In a water drive oil field, water can be injected into the water layer below the oil, and in a gas drive field it can be injected into the gas cap above to repressurize the reservoir. Finally, when secondary oil recovery methods are no longer viable, tertiary recovery methods reduce the viscosity of the oil in order to bring more to the surface. These may involve the injection of heat, vapor, surfactants, solvents, or miscible gases as in carbon dioxide flooding.

It is also possible to chemically transform methane or coal into the various hydrocarbons found in oil. The best-known such method is the Fischer-Tropsch process. It was a concept pioneered during the 1920s in Germany to extract oil from coal and became central to Nazi Germany's war efforts when imports of petroleum were restricted due to war. It was known as Ersatz (English:"substitute") oil, and accounted for nearly half the total oil used in WWII by Germany. However, the process was used only as a last resort as naturally occurring oil was much cheaper. As crude oil prices increase, the cost of coal to oil conversion becomes comparatively cheaper. The method involves converting high ash coal into synthetic oil in a multi-stage process.

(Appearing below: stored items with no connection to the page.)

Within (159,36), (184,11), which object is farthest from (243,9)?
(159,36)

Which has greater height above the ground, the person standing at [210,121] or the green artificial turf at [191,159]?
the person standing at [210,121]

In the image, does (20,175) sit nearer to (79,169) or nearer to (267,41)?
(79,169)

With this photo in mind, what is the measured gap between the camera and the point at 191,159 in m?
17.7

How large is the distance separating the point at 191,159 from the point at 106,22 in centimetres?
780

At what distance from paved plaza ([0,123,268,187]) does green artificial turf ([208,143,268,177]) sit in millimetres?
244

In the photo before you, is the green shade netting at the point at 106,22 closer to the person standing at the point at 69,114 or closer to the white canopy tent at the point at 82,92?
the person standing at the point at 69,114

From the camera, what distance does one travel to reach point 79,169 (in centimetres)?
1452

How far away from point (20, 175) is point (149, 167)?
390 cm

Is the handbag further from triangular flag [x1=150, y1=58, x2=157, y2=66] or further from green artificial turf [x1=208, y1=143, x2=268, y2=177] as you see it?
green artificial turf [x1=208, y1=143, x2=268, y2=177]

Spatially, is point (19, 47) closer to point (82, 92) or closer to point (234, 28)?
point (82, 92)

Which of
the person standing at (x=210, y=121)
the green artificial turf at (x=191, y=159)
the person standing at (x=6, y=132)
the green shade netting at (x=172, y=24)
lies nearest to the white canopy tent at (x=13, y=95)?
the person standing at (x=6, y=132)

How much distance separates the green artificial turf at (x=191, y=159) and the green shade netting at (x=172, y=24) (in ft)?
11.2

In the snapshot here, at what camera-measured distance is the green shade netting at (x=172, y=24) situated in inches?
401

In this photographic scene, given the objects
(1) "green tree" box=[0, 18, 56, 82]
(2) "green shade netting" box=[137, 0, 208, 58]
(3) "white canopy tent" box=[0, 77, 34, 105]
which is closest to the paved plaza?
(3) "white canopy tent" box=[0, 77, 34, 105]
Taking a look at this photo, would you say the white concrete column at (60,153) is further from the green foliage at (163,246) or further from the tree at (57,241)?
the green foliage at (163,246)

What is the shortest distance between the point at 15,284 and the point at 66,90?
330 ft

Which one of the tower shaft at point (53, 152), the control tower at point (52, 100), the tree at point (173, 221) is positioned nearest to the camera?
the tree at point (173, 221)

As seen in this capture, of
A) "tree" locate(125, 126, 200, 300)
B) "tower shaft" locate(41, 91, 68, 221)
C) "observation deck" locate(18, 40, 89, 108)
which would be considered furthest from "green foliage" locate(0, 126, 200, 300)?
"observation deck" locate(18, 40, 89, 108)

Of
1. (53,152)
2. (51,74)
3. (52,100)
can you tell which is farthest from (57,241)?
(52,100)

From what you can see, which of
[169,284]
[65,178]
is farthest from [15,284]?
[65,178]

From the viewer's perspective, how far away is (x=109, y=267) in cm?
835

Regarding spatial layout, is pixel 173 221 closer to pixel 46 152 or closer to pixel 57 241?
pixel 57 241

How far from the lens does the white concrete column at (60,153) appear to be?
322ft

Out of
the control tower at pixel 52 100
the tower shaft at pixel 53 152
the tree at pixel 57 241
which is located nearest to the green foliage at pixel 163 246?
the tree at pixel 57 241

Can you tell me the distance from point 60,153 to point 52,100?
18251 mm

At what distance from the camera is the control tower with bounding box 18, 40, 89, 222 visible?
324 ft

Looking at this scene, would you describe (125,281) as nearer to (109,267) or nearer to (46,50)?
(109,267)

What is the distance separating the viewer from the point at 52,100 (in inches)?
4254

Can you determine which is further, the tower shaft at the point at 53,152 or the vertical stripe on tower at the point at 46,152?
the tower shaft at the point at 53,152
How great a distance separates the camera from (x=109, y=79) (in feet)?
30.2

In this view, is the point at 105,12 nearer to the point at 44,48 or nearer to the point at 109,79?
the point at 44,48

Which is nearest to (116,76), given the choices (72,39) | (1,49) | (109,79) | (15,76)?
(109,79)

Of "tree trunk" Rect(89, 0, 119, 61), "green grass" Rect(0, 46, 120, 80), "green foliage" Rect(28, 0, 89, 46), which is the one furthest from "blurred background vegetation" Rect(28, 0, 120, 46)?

During the oil price increases since 2003, alternatives methods of producing oil gained importance. The most widely known alternatives involve extracting oil from sources such as oil shale or tar sands. These resources exist in large quantities; however, extracting the oil at low cost without excessively harming the environment remains a challenge.

Bunker fuel is technically any type of fuel oil used aboard ships. It gets its name from the containers (known as Bunker Tanks) on ships and in ports that it is stored in, called bunkers. The Australian Customs and the Australian Tax Office defines a bunker fuel as the fuel that powers the engine of a ship or aircraft. Bunker A is No. 2 fuel oil, bunker B is No. 4 or No. 5 and bunker C is No. 6. Since No. 6 is the most common, "bunker fuel" is often used as a synonym for No. 6. No. 5 fuel oil is also called navy special fuel oil or just navy special, No. 6 or 5 are also called furnace fuel oil (FFO); the high viscosity requires heating, usually by a reticulated low pressure steam system, before the oil can be pumped from a bunker tank. In the context of shipping, the labelling of bunkers as previously described is rarely used in modern practice.